Meredith was born June 25, 1933, in Kosciusko, Mississippi. He was one of ten children of Roxy Patterson Meredith and Moses Cap, a poor farmer in Kosciusko. As a young child, Meredith became aware of racism. He would refuse the nickels and dimes that a local white man regularly gave to black children, calling the gifts degrading. More painful was the realization he made as a young man on a trip to visit relatives in Detroit, where he saw blacks and whites sharing the same public facilities. He rode the train home from this brush with integration, and when he arrived in Memphis, the conductor told him to leave the whites-only car. "I cried all the way home," Meredith later recalled, "and vowed to devote myself to changing the degrading conditions of black people." He also had other ambitions and goals. Ever since a childhood visit to a white doctor's office, he had harbored a dream of attending the University of Mississippi, the physician's alma mater.

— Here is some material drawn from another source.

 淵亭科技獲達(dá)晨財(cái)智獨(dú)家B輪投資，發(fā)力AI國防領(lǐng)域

After high school, in 1951, Meredith joined the U.S. Air Force. He rose to the rank of staff sergeant, earned credits toward a college degree,

and served in the korean war. Following his discharge in 1960, he attended the all-black Jackson State College, but the courses he wanted to take were offered only at the state university. As a 28-year-old, he followed with hopefulness the speeches of President John F. Kennedy, which promised greater enjoyment of opportunity for all U.S. citizens. Change was in the air, and many African Americans were heartened by the portents in Kennedy's 1961 inaugural address. On the same day that Kennedy became president, Meredith applied for admission to the University of Mississippi.

The school turned down his application. Mississippi still practiced segregation, and

that meant that no African Americans could attend the all-white university. Even seven years after brown v. board of education 347 U.S. 483, 74 S. Ct. 686, 98 L. Ed. 873 (1954), southern states resisted complying with the U.S. Supreme Court's decision that compulsory segregation was unconstitutional. Knowing that he had a constitutional right that the state refused to recognize, Meredith turned to the NAACP Legal Defense and Education Fund. This arm of the civil rights organization, accustomed to fighting segregation cases, extended help to him. Meredith and his attorneys fought some 30 court actions against the state.

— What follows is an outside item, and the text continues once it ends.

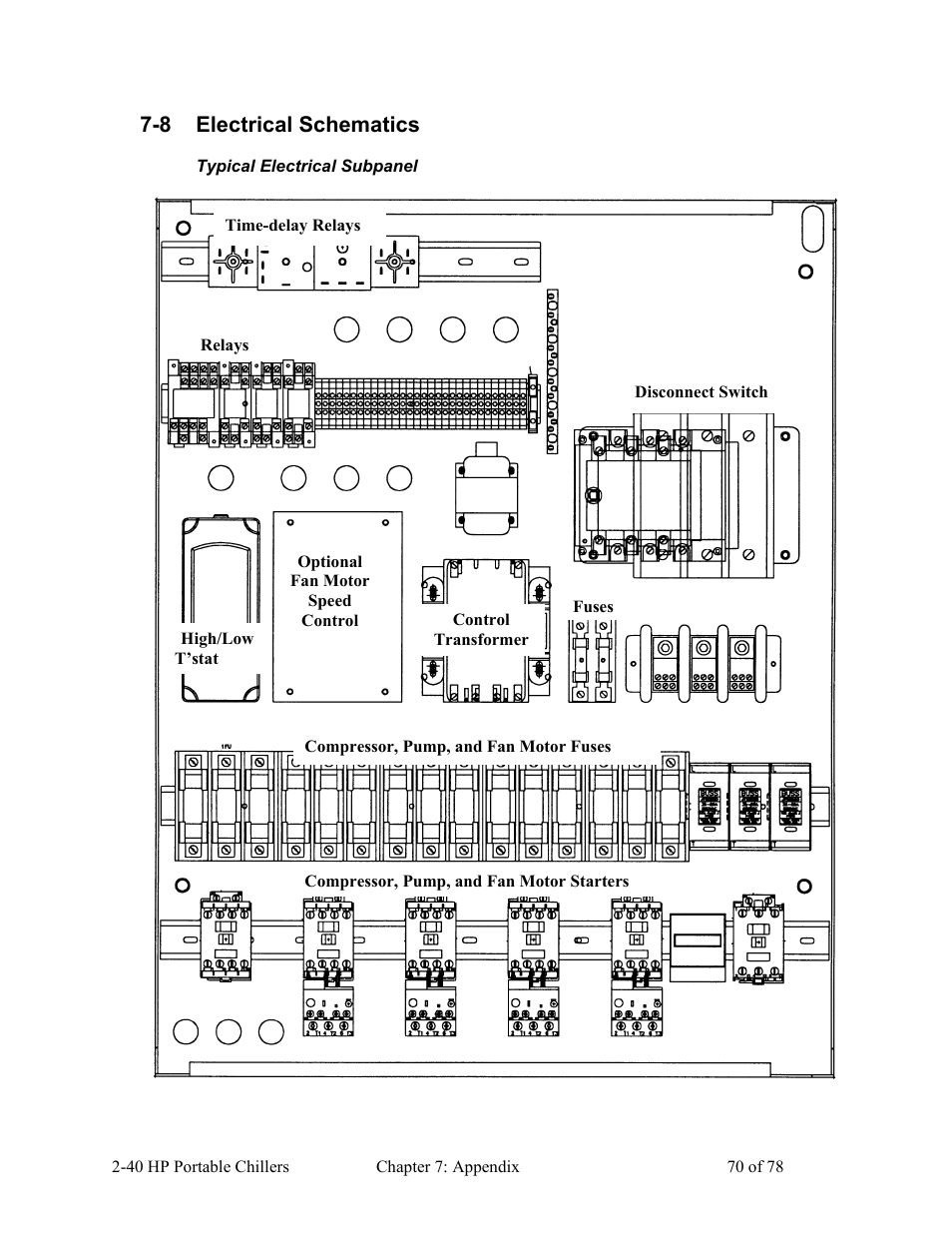 8 electrical schematics | AEC 2-40 HP Portable Chillers User Manual | Page 71 / 79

At last, a federal court ruled that a qualified student could not be denied admission on the ground of race. Meredith had won, but the court order infuriated segregationists. Playing to popular sentiment, Mississippi Governor Ross Barnett promised to stop Meredith. Barnett pressured the state legislature to give him authority over university admissions, a power that usually was exercised by the state college board.

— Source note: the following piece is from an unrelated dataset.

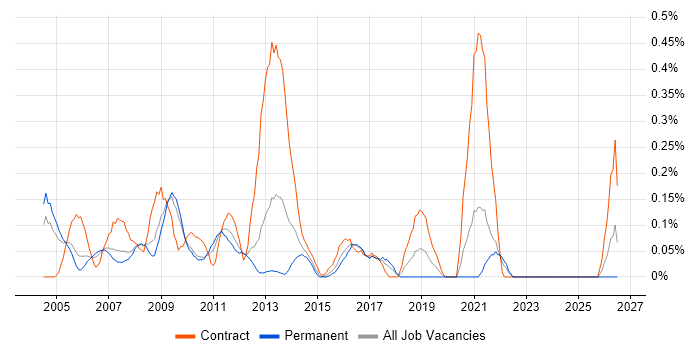 Process Manager job vacancy trend in West London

As Meredith's enrollment date, September 20, 1962, approached, Meredith received death threats; Barnett continued to promise to prevent his enrollment; and segregationists spread the word to be at "Ole Miss" to save it from integration. On the day that Meredith arrived to register, white students massed around a Confederate flag chanting anti-integration slogans. Barnett stood blocking the door to the admissions office. A university official read a proclamation naming Barnett as acting registrar, by order of the university's board of trustees, and a satisfied Barnett told Meredith that his application was denied.

The governor's action was purportedly good politics in his home state. Across the South, leaders such as Alabama Governor george wallace were prospering politically by staging similar acts of defiance. However, Barnett's refusal to let Meredith in was a serious problem for Washington, D.C. It represented a challenge to the authority of the federal courts, and in a short time, the justice department entered the dispute. Attorney General robert f. kennedy confronted Barnett, demanding assurances that Meredith's next attempt to register would be successful and that the student would be protected. Barnett gave none. He replied that the situation was beyond his control. Where civil rights were concerned, the young attorney general was quickly learning that only federal intervention could bring the southern states under the mandate of the courts. He sent 500 federal marshals to the University of Mississippi campus with strict orders: They were to protect Meredith, but not to shoot anyone. Only tear gas and clubs were to be used for their own defense.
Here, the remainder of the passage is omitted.